Edward F. Foley, Sr.
Edward Foley Sr. enlisted in the Air Force in 1951 and served in South Korea during the Korean War as an electronic technician servicing aircraft. He recounts his first impressions of Korea and details his living conditions while there. He shares memories of an accident which took place at the airbase where he was stationed involving a grounded plane and firemen. He states that he harbors no resentment towards the North Koreans or the war itself and recounts his visit to modern Korea, comparing it to New York City. He closes with a few thoughts on the legacy of the Korean War and adds a few words specifically for younger generations regarding service.
Impressions of Korea
Edward Foley describes Korea as being primitive when he arrived. He recalls traveling by truck with other soldiers to view the surrounding area and remembers seeing villagers out and about and children asking for food.

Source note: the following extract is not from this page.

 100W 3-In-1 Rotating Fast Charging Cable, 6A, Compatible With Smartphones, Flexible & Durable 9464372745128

He recounts very little evidence of a war torn country where he was stationed as no buildings had been bombed.
Edward Foley describes the living conditions while in Korea. He recalls the winters as "colder than blazes" but admits that he was lucky as he had warm clothes and a lot of downtime. He shares that it was hard for him to be away from home and that letters were sporadic.

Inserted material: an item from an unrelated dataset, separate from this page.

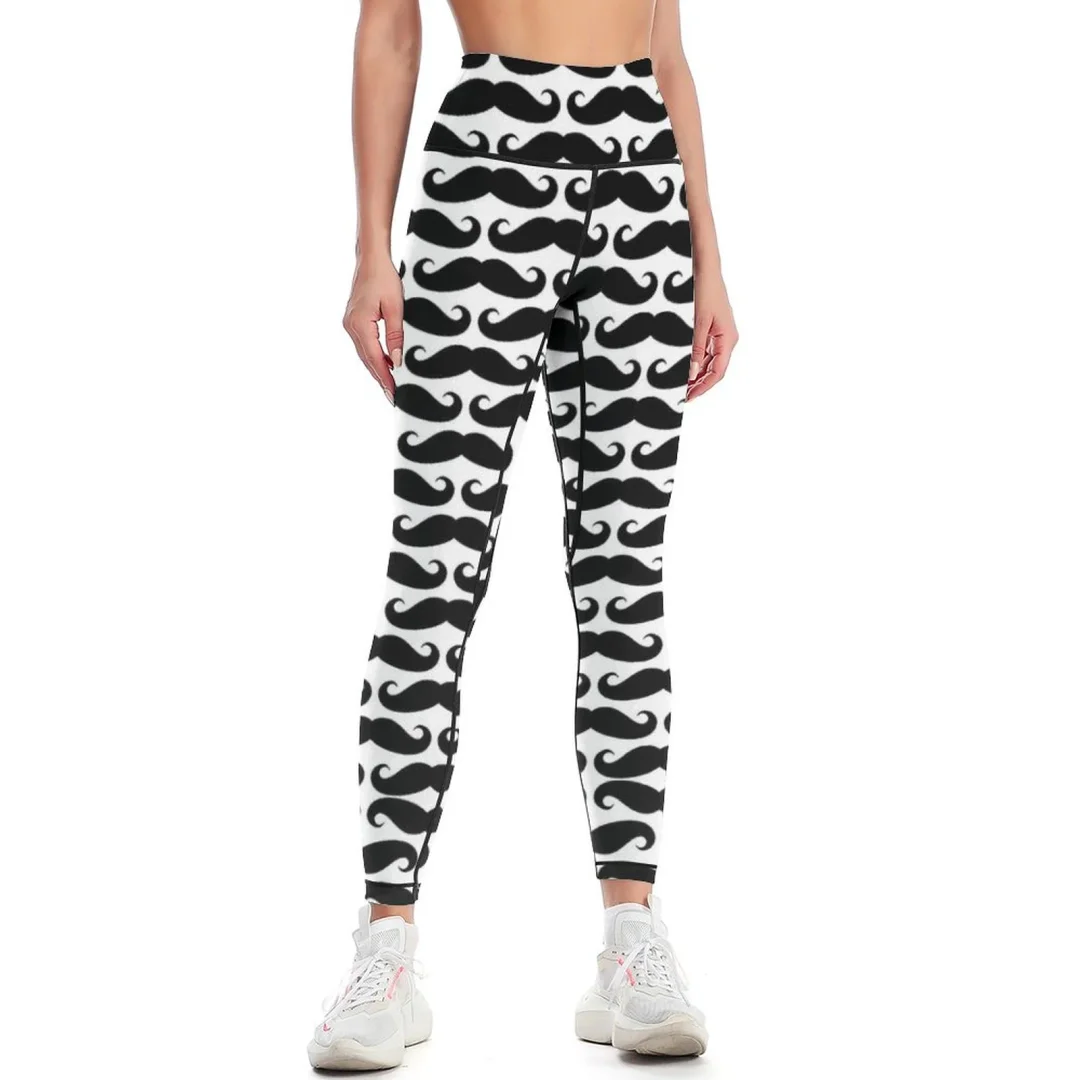 Black And White Mustache Pattern Yoga Pants for Women Casual High Waisted Elastic Comfortable Soft Leggings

Edward Foley recalls his worst memory while serving in Korea. He details an accident which took place on base involving an airplane explosion on the runway. He shares how he witnessed firefighters inspecting smoke at the tail of an airplane suffered the brunt of the explosion.

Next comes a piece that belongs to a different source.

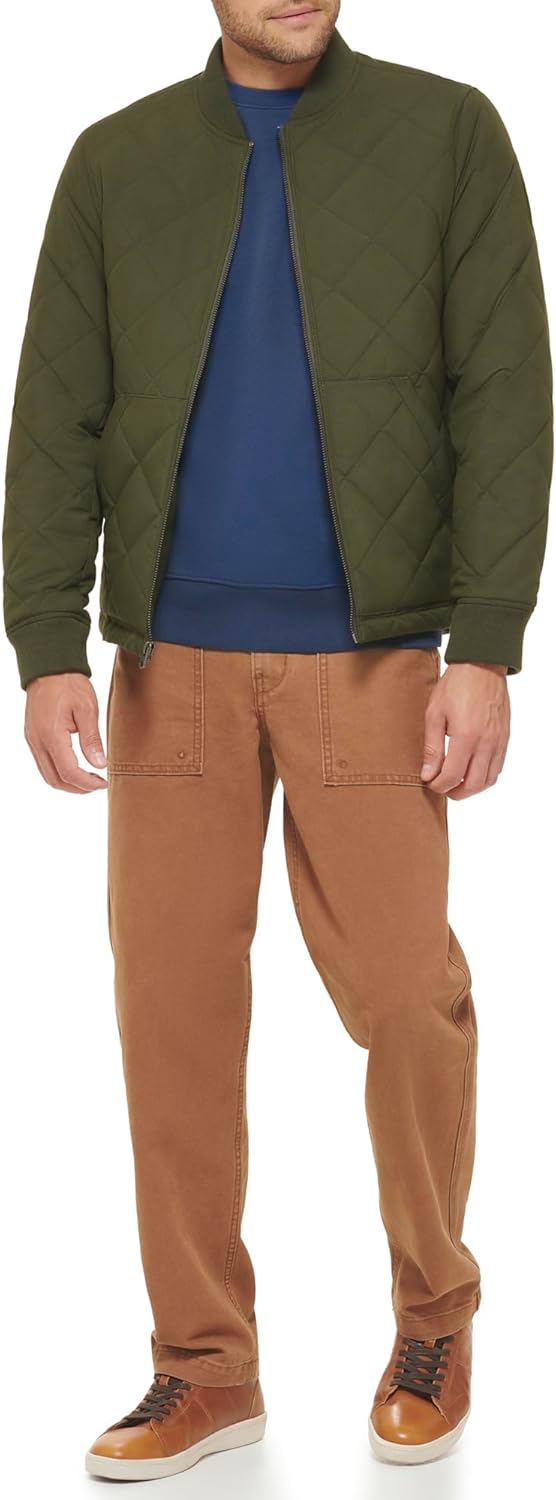 Мужская стеганая куртка-бомбер Levi's с открытым низом, Military Army Green — фото 4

War Reflections and Impressions of Modern Korea
Edward Foley shares that he does not have bad dreams or resentment towards the war or even the North Koreans, stating that they were only doing what they were told to do. He comments on his revisit to Korea and the improvements made since he was there during the war. He describes Seoul as a Westernized city and compares it to New York City.
Korean War Legacy
Edward Foley comments on the grateful attitudes South Koreans have towards the U.S. He shares that the legacy of the Korean War, despite it being called a police action and the Forgotten War, is being kept alive by the veterans associations and the Korean people themselves. He adds his thoughts on how young people should serve their country in some form or fashion for a few years.